第14話
◆異世界の技術レベルは何故、中世で止まっているのか?
「転生者はスマートフォンも火薬も知っているのに、なぜ異世界は一向に近代化しないのか?」
そんな疑問を抱いたことのある読者は少なくないだろう。
だが実は、「知っている」ことと「作れる」「広められる」ことの間には、大きな隔たりがある――。
異世界転生小説における“技術の出し惜しみ”は、単なる物語上の都合ではなく、むしろ現実的な制約として考えた方が腑に落ちるケースも多い。
たとえば火薬一つを取っても、必要となるのは硝石・硫黄・炭といった素材の調達に加え、それを扱う労働力、危険性を管理できる設備、そしてそれを必要とする社会的な需要や軍事的意義といった前提条件や制約がある。転生者が構造を知っていたとしても、異世界の流通網や人的資源では再現が困難である可能性が高い。
また、“異世界の民は無知で保守的だから技術を受け入れない”という描写も見られるが、現実の社会でも新技術が定着するには教育・制度・文化の整備が不可欠だ。
現代でもスマートフォンが社会の隅々にまで浸透するのに10年を要した。開発期間も含めれば20年以上だろうか。
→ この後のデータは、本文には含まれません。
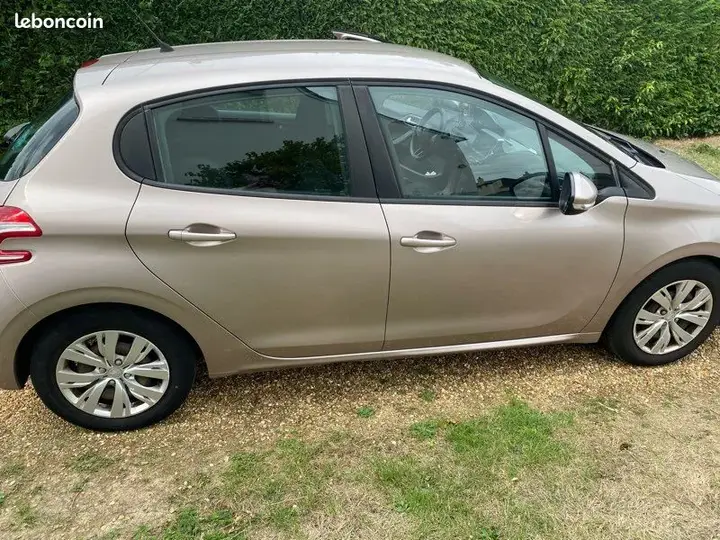 Peugeot 208 2013 photo 3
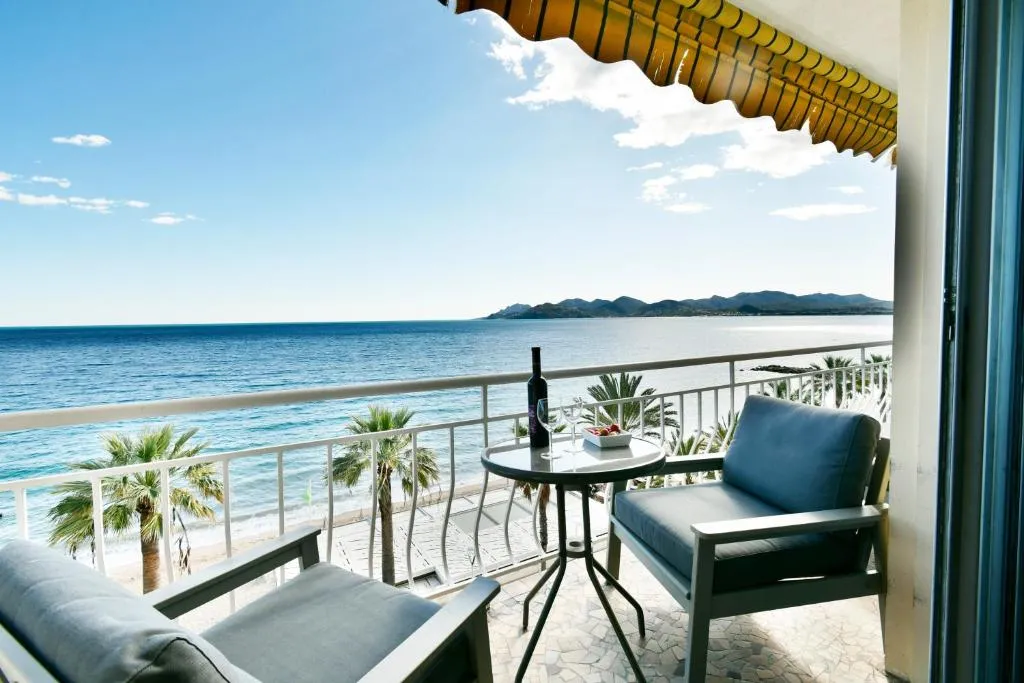 Image of Plage du midi- Vue sur mer Standing Presta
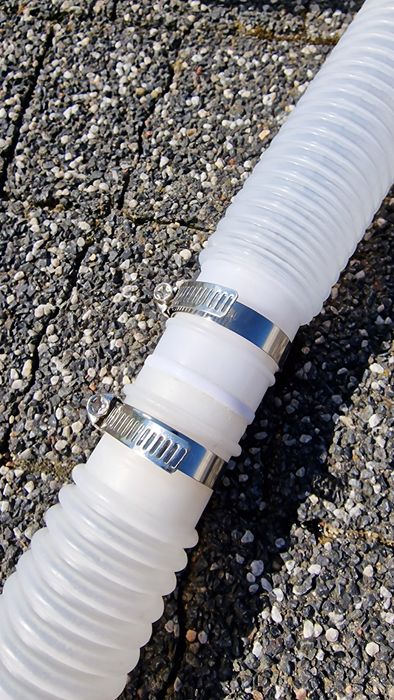 Dwie złączki do węży basenowych 32 mm z zaciskami mocującymi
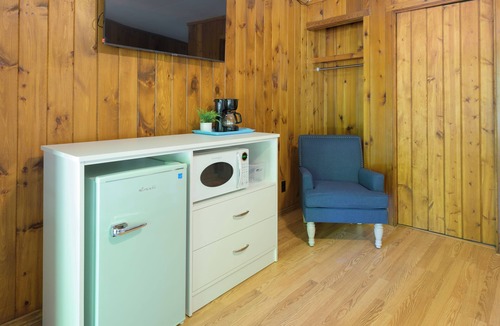 Empire Hotel | Dune Climb Inn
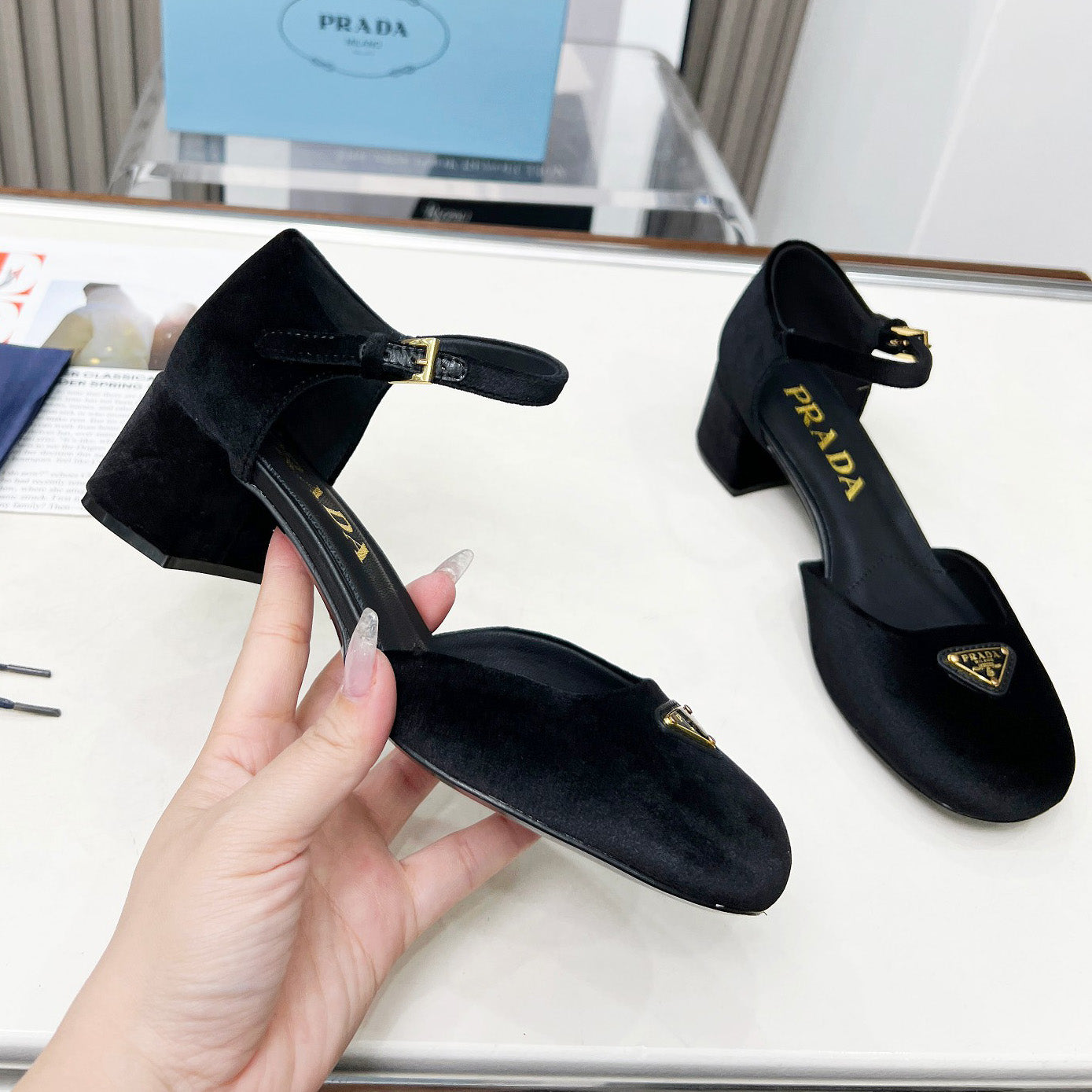 New Lambskin Fashionable and Versatile Women's Shoes Sandals 1024022316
異世界であれば尚のこと、識字率・製造業・電力インフラといった前提条件を満たすだけで一世代かかっても不思議ではない。
「知識」という火種は確かに大きい。
だが、それを灯火に変えるには、乾いた薪=資源、炉=制度、そして風=人の手が必要なのだ。
物語上、転生者の技術は“魔法”のように語られることが多い。
だが、実際に起こるのは“魔法革命”ではなく“産業革命”である。
それは試行錯誤と失敗と年月の中で、少しずつ形になっていくものであり――だからこそ、そこにリアリティが宿る。
技術が生まれ、社会が変わり、世界が再編されるには、
“ただ知っている”だけでは足りない。
異世界の文明がすぐには変わらないのは、
その世界が“リアル”であることの、証明かもしれない。
文・構成:山田ソウタ(ライター/文化誌「リレキ」編集部)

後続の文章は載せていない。